With both ends included, repeat exactly the lines of the entries below from the one containing "Apartmán Střední Dalmácie" down to the one containing "Rising Tides, The", and no others.

+ + + + +

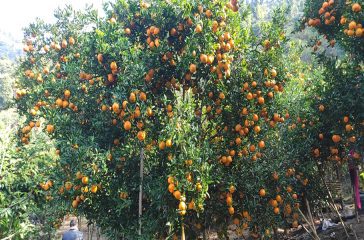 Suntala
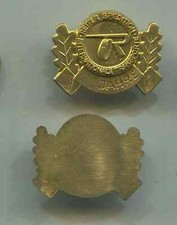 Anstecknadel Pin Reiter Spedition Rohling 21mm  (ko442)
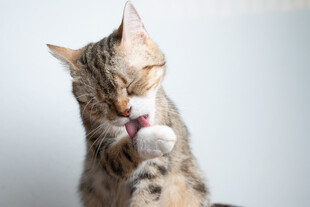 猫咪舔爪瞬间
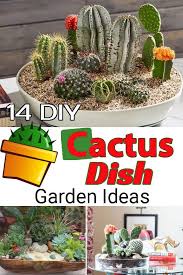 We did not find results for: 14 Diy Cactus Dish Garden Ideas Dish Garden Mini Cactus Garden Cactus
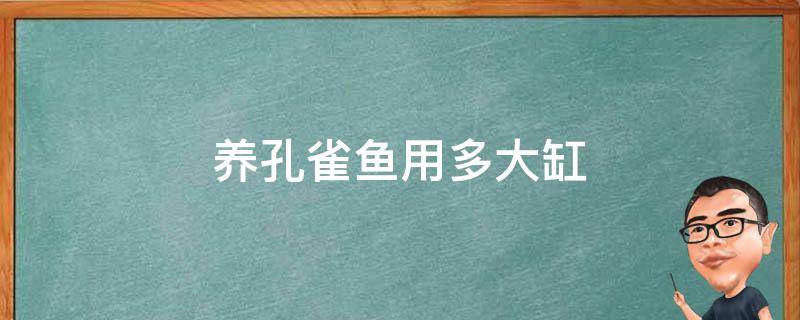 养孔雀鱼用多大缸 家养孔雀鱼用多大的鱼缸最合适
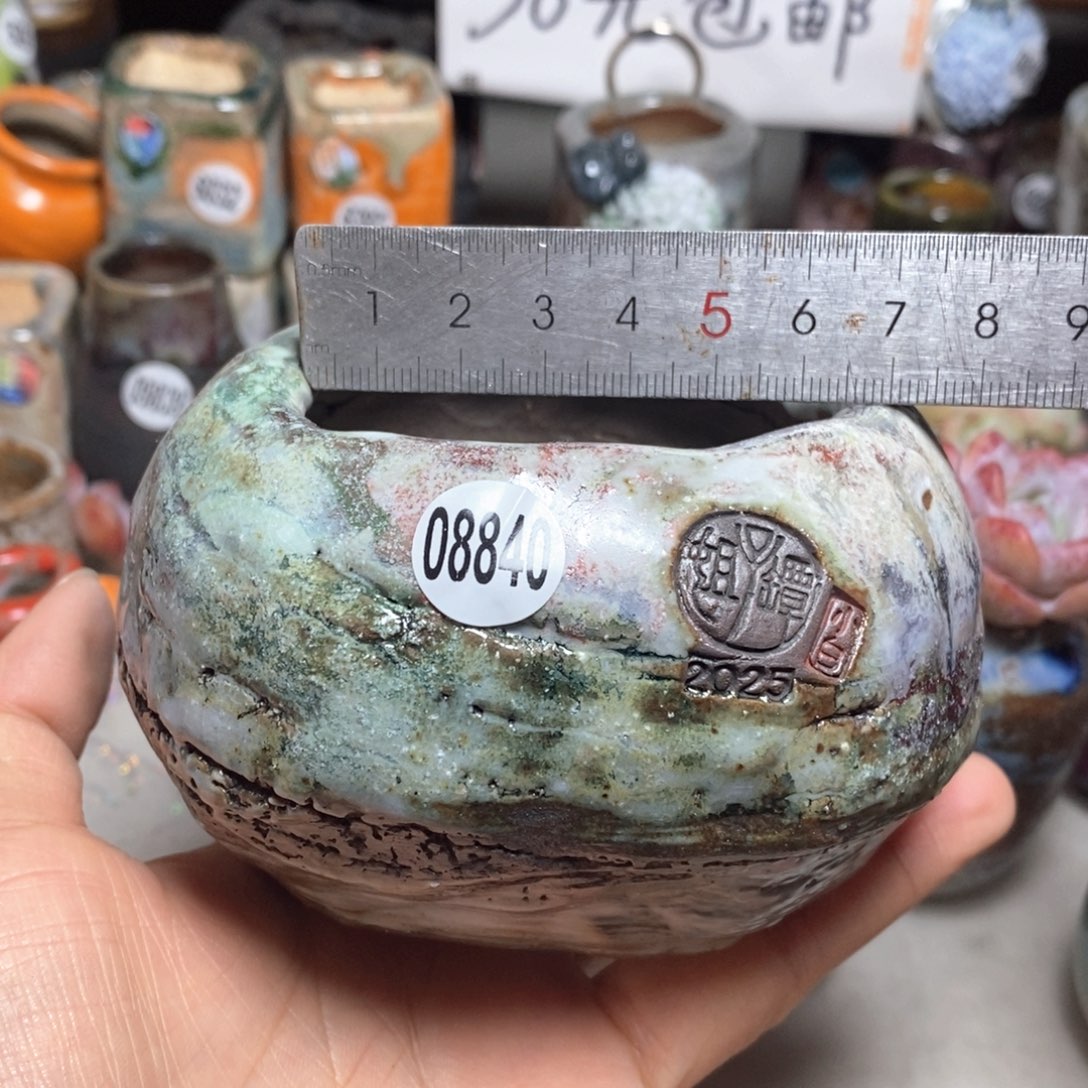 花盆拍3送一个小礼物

+ + + + +

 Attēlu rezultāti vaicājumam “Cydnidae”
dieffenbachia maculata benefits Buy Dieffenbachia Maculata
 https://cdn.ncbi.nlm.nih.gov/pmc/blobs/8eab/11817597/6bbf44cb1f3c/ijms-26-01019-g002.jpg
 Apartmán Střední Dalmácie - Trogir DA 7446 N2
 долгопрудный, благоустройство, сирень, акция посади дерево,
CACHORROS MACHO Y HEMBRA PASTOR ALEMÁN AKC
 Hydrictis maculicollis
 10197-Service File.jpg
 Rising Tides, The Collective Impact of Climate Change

+ + + + +

### Written response
 Apartmán Střední Dalmácie - Trogir DA 7446 N2
 долгопрудный, благоустройство, сирень, акция посади дерево,
CACHORROS MACHO Y HEMBRA PASTOR ALEMÁN AKC
 Hydrictis maculicollis
 10197-Service File.jpg
 Rising Tides, The Collective Impact of Climate Change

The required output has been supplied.